▶ _To do_
Repeat the listing below exactly from the line with "NZ Dollar Chart" through its last line. Skip every picture.

▶ _Source material_
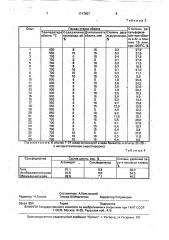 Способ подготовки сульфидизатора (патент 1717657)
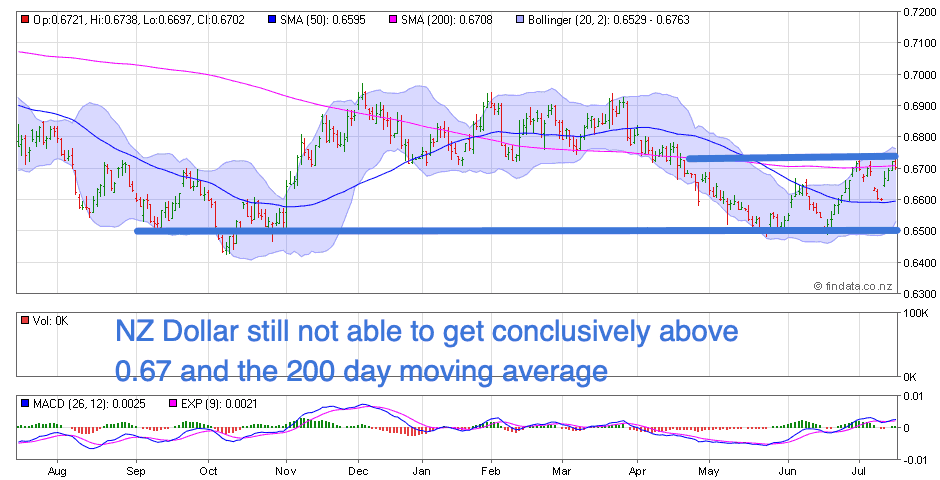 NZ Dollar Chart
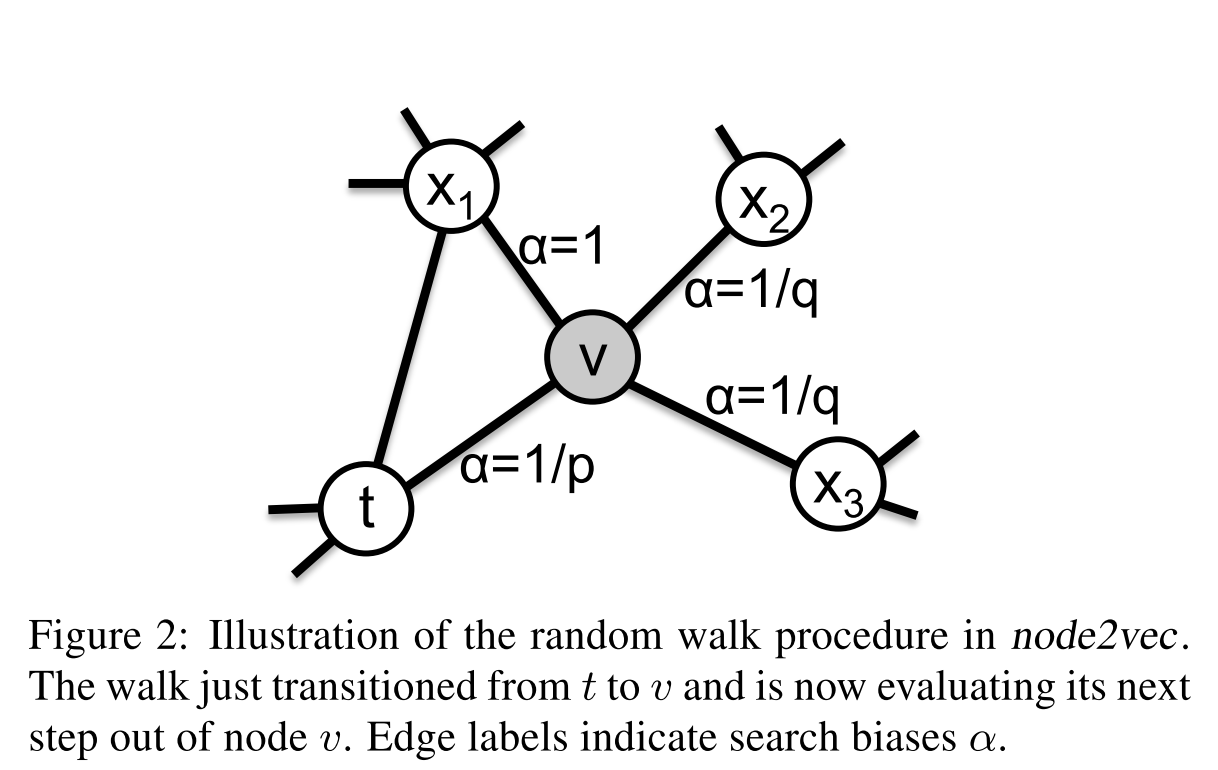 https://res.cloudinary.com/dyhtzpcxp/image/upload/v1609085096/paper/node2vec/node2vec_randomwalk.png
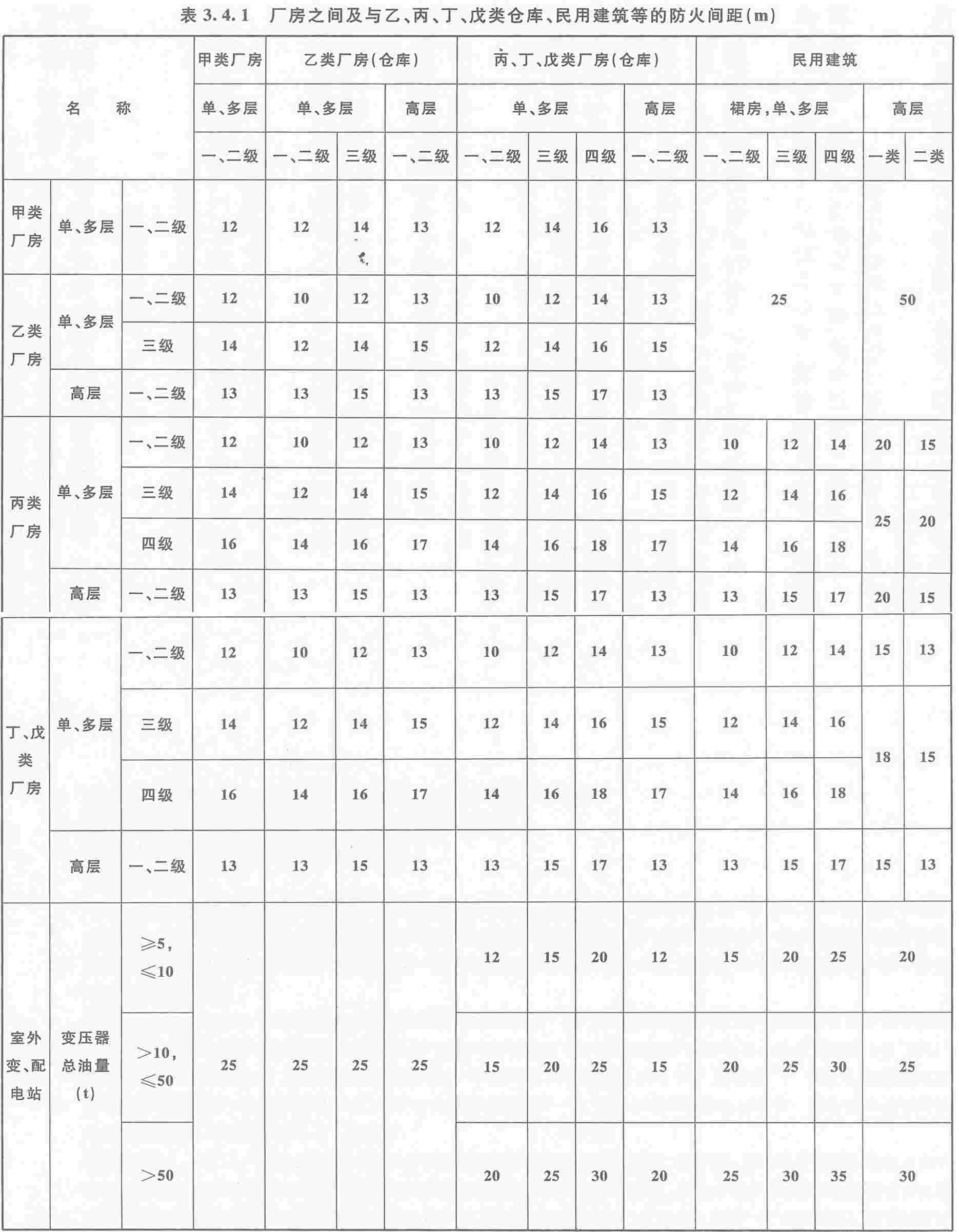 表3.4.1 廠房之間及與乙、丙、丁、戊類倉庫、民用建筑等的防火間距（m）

▶ _Solution_
 NZ Dollar Chart
 https://res.cloudinary.com/dyhtzpcxp/image/upload/v1609085096/paper/node2vec/node2vec_randomwalk.png
 表3.4.1 廠房之間及與乙、丙、丁、戊類倉庫、民用建筑等的防火間距（m）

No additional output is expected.